Ramayya Krishnan is an American Management and Information technology scholar from Pittsburgh, Pennsylvania. He is the dean of Heinz College, and is the W. W. Cooper and Ruth F. Cooper Professor of Management science and Information systems at Carnegie Mellon University. Krishnan is also a past president of the Institute for Operations Research and Management Science (INFORMS).

== Early life and education ==

Krishnan has a bachelor's degree in mechanical engineering from the Indian Institute of Technology, Madras, as well as a master in Industrial engineering and Operations research and a PhD in Management science and Information systems from the University of Texas at Austin.

==Career==
=== Research ===

Krishnan’s research has focused on the development of decision support tools to analyze, interpret, and act on consumer and social behavior in digital and networked platforms. More recently, he has focused on how sensing and learning are transforming decision making by workers in gig economy platforms.

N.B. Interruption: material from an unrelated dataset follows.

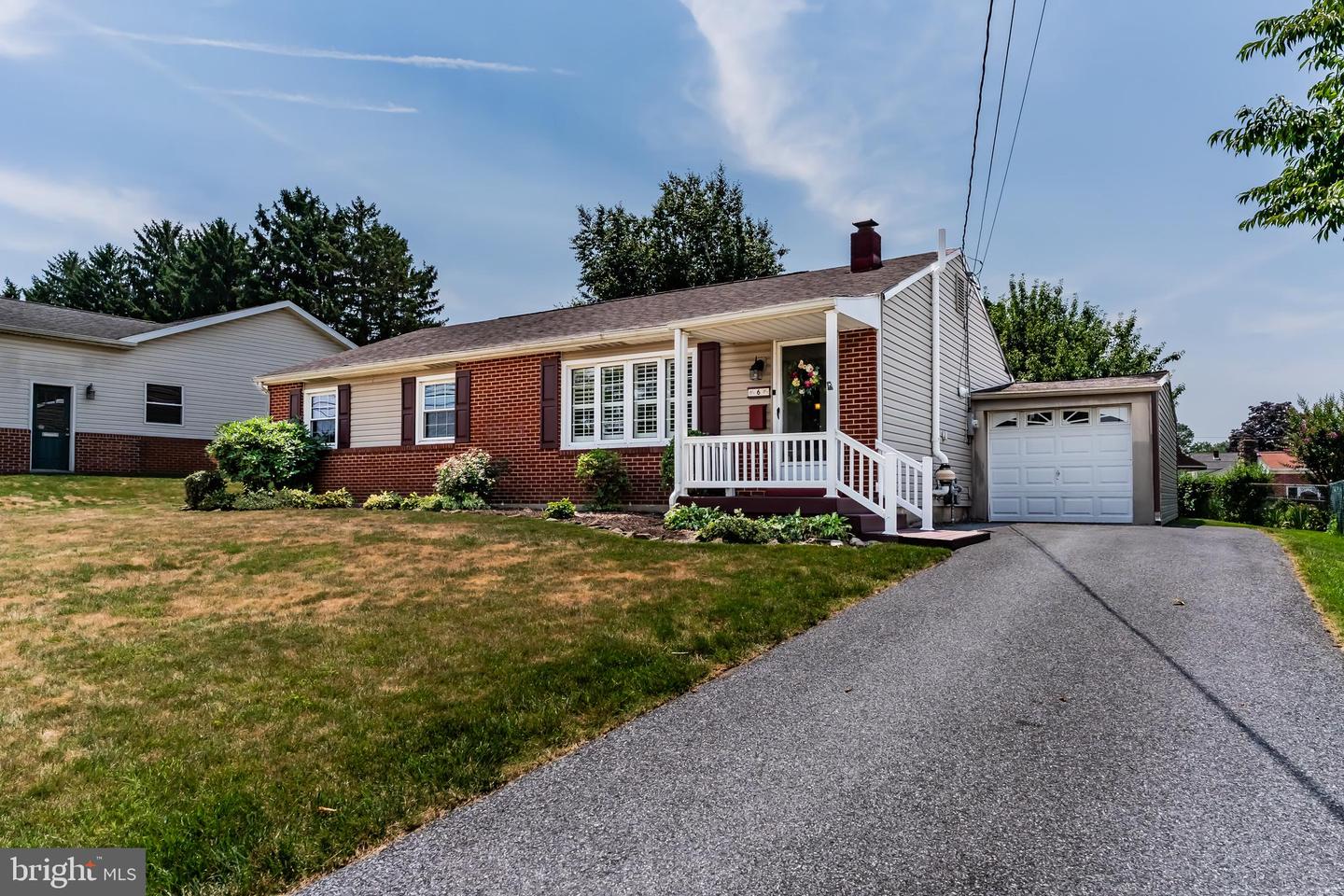 6 Slate Hill Road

=== Dean of Heinz College ===

A faculty member at CMU since 1988, Krishnan was appointed dean when the Heinz School of Public Policy and Management became the Heinz College of Information Systems and Public Policy in 2008. He was reappointed upon the completion of his first term as Dean in 2014, and reappointed for a second time in 2020.

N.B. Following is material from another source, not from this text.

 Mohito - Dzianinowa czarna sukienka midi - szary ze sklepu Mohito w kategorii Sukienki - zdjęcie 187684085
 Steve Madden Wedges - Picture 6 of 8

As dean, Krishnan led the establishment of funded research centers including Traffic21, Metro21: Smart Cities Institute, the Living Analytics Research Centre in partnership with Singapore Management University, and the Block Center for Technology and Society.

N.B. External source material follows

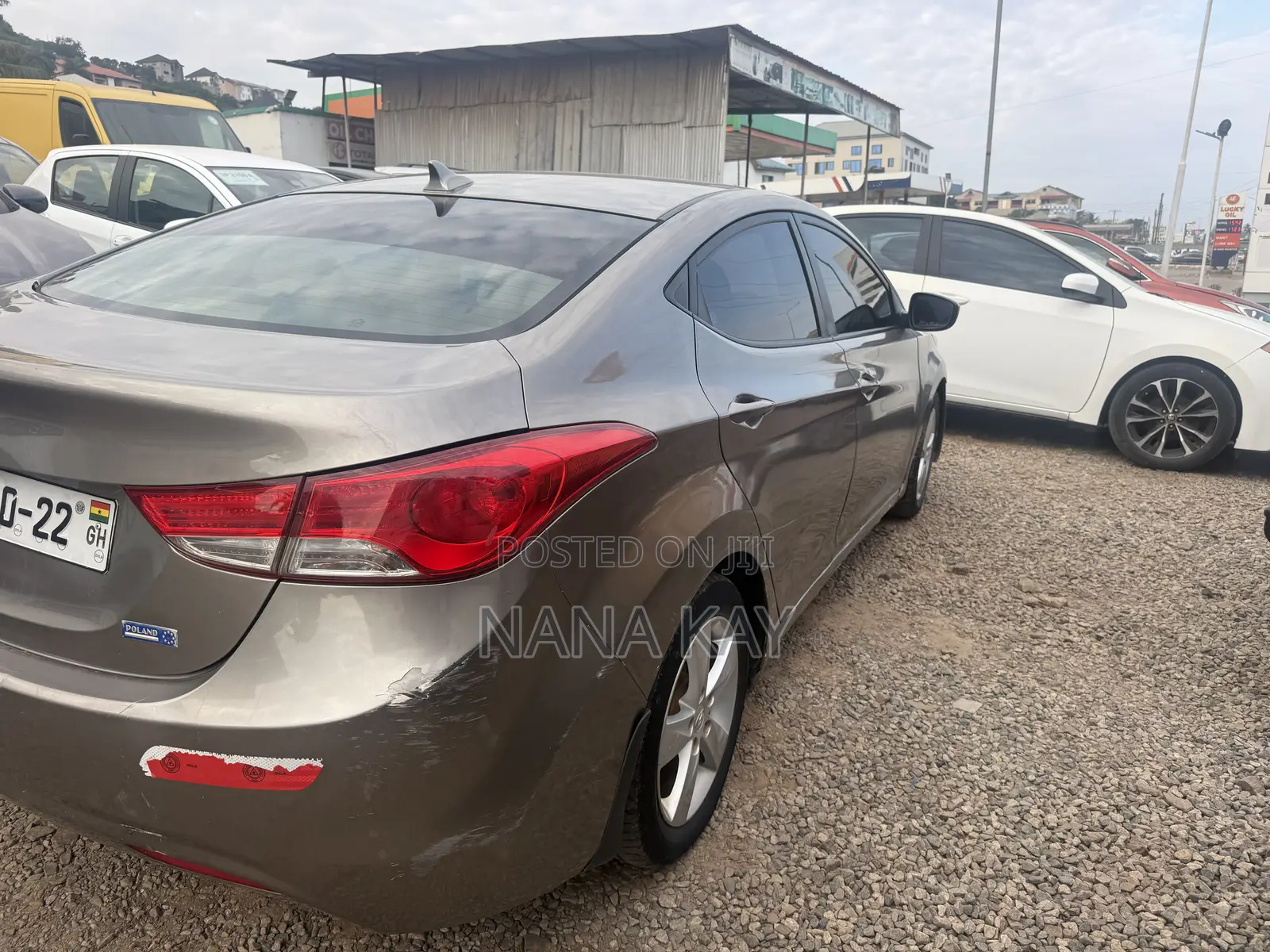 Hyundai Elantra GLS Sedan FWD (1.8L 4cyl 6M) 2013 Brown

Krishnan has served as an advisory board member and contributing researcher to organizations, events, and government bodies including the World Economic Forum, the Commonwealth of Pennsylvania, and the United States Government Accountability Office.

=== Government work ===
On April 25, 2022, the Biden administration named Krishnan to the newly created panel on artificial intelligence. This new initiative will guide disaster response, cybersecurity, privacy, and infrastructure to the federal government and the National AI Initiative Office.

== Awards ==
In 2012, Krishnan was named a fellow of the Institute for Operations Research and the Management Sciences "for leadership and innovation in academia and in practice, as well as leadership in INFORMS, linking operations research and management sciences with information systems in research, education, and management".

In 2015, Krishnan won the Nayudamma Award, awarded by the Nayudamma Centre for Development Alternatives (NCDA) and recognizing individuals around the world for their contributions in areas of sustainable development.

In 2017, Krishnan received the Distinguished Alumnus Award from the Indian Institute of Technology, Madras.

In 2018, Krishnan won the Bright Internet Award, awarded by the Korea Society of Management Information Systems for scholarly achievements and contributions in the field of management information systems.

In 2019, Krishnan was named a fellow of the National Academy of Public Administration (United States) for his "expertise and contributions to the field of public administration."

In 2020, Krishnan received the Outstanding Alumnus Award from the University of Texas at Austin.